**Aim of the exercise**: Starting with the line that contains "Sachets En Papier", repeat exactly every line through the last one in the records below, and leave out the pictures.

Records contained in a dataset:
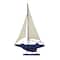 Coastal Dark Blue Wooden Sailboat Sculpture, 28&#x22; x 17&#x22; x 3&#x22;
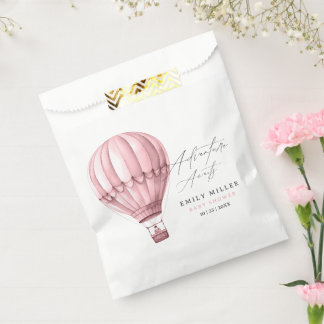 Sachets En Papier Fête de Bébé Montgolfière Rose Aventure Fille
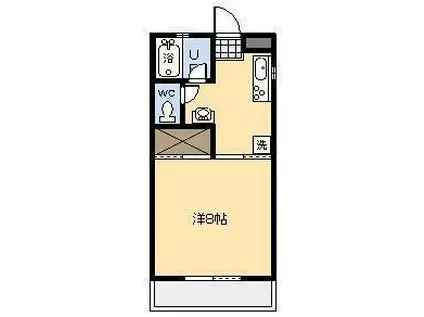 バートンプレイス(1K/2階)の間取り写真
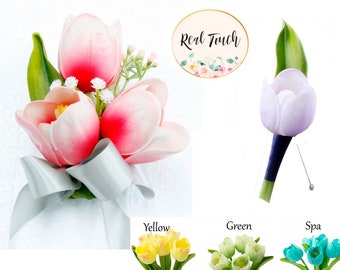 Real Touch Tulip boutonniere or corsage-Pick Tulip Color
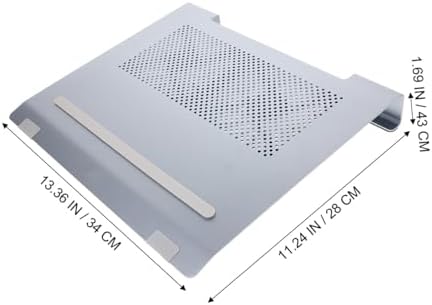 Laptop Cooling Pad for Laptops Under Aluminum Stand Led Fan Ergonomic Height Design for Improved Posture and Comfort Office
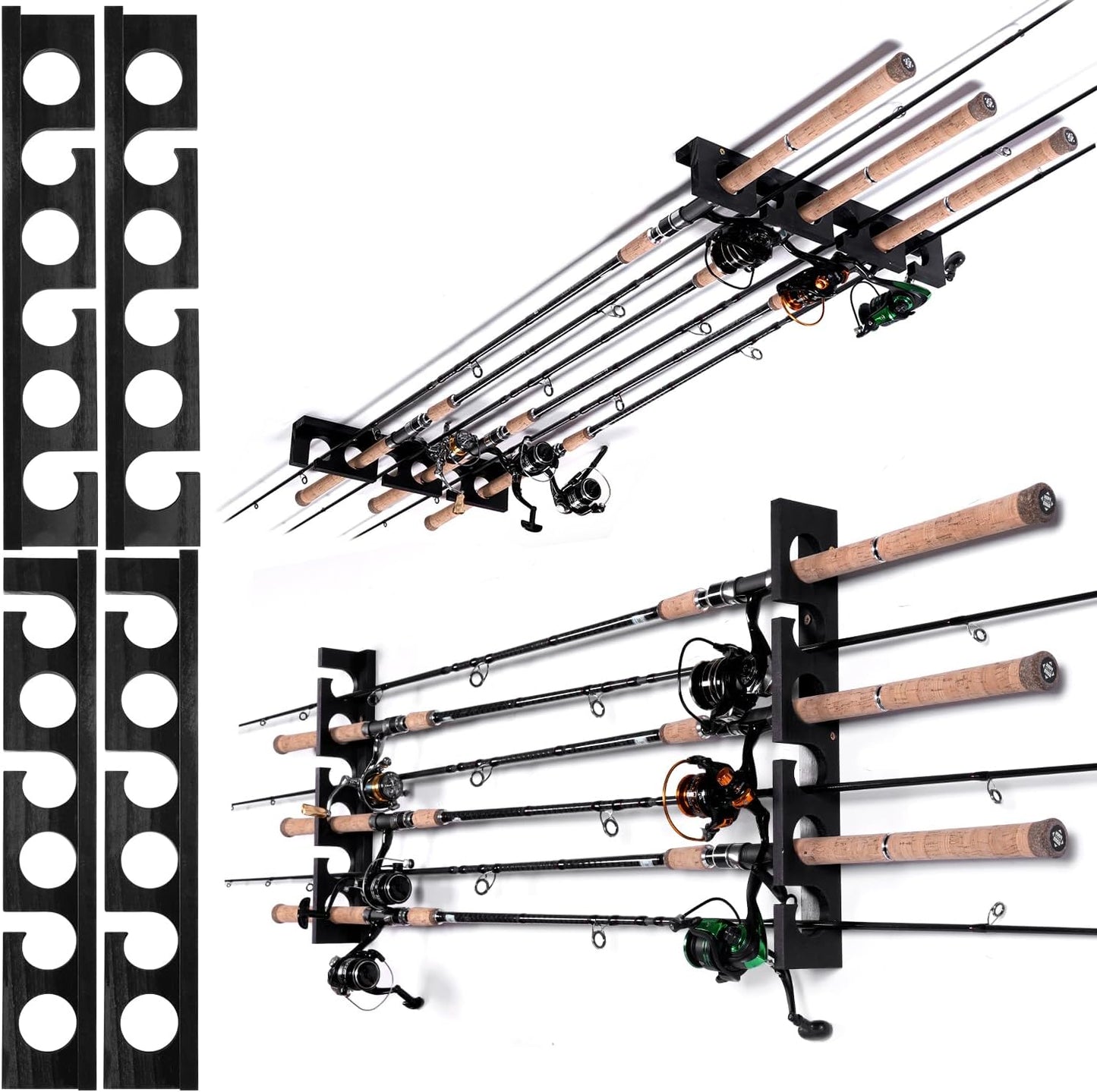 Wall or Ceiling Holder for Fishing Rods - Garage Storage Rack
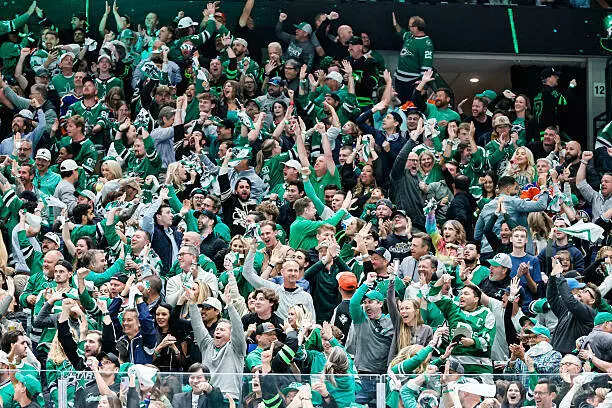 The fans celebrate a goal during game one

**Output for this task**:
 Sachets En Papier Fête de Bébé Montgolfière Rose Aventure Fille
 バートンプレイス(1K/2階)の間取り写真
 Real Touch Tulip boutonniere or corsage-Pick Tulip Color
 Laptop Cooling Pad for Laptops Under Aluminum Stand Led Fan Ergonomic Height Design for Improved Posture and Comfort Office
 Wall or Ceiling Holder for Fishing Rods - Garage Storage Rack
 The fans celebrate a goal during game one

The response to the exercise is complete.